Сидя на обломке скалы возле факела, который то и дело отбрасывал кровавые отсветы на черные сырые стены каземата, араб глядел на нее, обхватив руками голову и упершись локтями в колени.

Время от времени он глубоко вздыхал, и его взгляд, оторвавшись от лица герцогини, устремлялся в пустоту, словно искал какое-то далекое видение.

В глазах бедного раба вспыхнул странный огонек, а лоб, не знавший пока морщин, нахмурился. Из глаз его выкатились две слезы и по смуглым щекам стекли до самого подбородка.

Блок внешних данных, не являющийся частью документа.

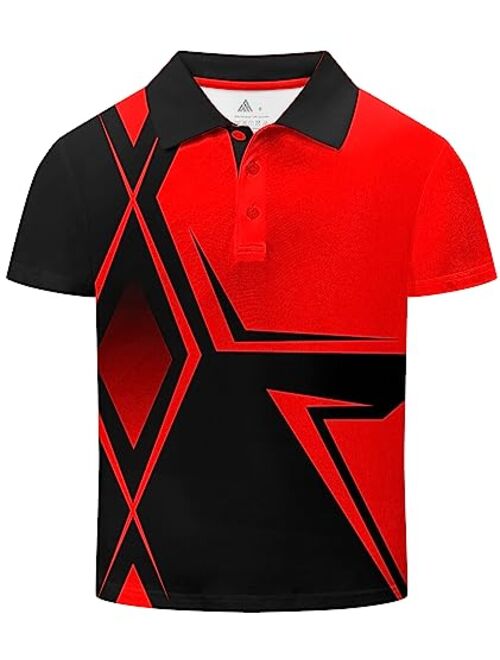 Dekomere Boy Polo Short Sleeve Shirt Moisture Wicking Performance School Uniforms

— Столько лет прошло… Светлый простор, песчаные дюны, шатры хищного племени, которое ребенком похитило меня у матери, верблюды, скачущие по бесконечной пустыне… Все это позабыто. Но в моем позолоченном рабстве я все еще вижу перед собой мою нежную Лаглан, — шептал он. — Бедная девочка, тебя тоже похитили, и кто знает, в каком краю злополучной Аравии ты теперь оказалась! У тебя были черные глаза, как у моей хозяйки, нежное лицо и такие же красивые губы… Я засыпал счастливым, когда ты играла на миримбе [Миримба — южноафриканский музыкальный инструмент. (Примеч. перев.)], и забывал жестокие побои хозяина. Я снова вижу, как ты приносишь воду бедному рабу, избитому бичом до полусмерти. Я вижу, как ты бежишь по песку, вся в брызгах морской воды, а потом отдыхаешь в тени пальмы, счастливыми глазами глядя на меня! Ты исчезла, может быть, ты умрешь там, на берегу Красного моря, которое шепотом своих вечных волн радовалось нашему чувству и нашим надеждам на будущее. А в моем сердце появилась другая женщина, роковая, не такая, как ты. Я помню твои черные глаза, в которые я смотрел по вечерам, когда солнце садилось и верблюды возвращались с пастбища. У этой женщины белая кожа, а у меня черная, и она не рабыня, как ты. Но разве я не человек? Разве я не родился свободным? Разве мой отец не был великим воином Амардзуки?

Он встал, изо всех сил сжав руками голову и откинув назад широкий плащ, а потом снова сел, вернее, опустился на камень, словно силы вдруг покинули его.

Эль-Кадур плакал, и слезы катились по его темному лицу.

— Я раб, — хрипло прошептал он. — Верный пес моей госпожи, и только смерть сделает меня счастливым. Уж пусть лучше пуля или сабля моих бывших собратьев по религии разорвут мое сердце… и вся тоска, все мучения презренного раба разом окончатся…

Он резко вскочил и, словно приняв отчаянное решение, бросился к выходу и начал отодвигать валуны.

— Да, — бормотал он почти с яростью. — Пойду найду Мустафу и скажу ему, что я хоть и араб, и кожа у меня черная, но верю я в Крест, а не в Полумесяц и много раз предавал турок. Пусть он отрубит мне голову. И часа не пройдет, как я тоже засну вечным сном, как заснули тысячи славных воинов, и все будет кончено.

Его остановил слабый стон, слетевший с губ герцогини. Он вздрогнул и обернулся, поведя рукой по пылающему лбу.

Факел угасал, и дрожащий отблеск пламени отражался на прекрасном бледном лице герцогини.

Каземат погружался в темноту, у него не оставалось больше никакой связи с внешним миром. Араб словно очнулся.

— Что за безумие на меня нашло, зачем я кинулся искать смерти? А моя госпожа? Какая же я скотина, если собрался оставить ее здесь одну, раненую, без всякой помощи… Ведь я ее раб, ее верный Эль-Кадур! Да я просто жалкий безумец!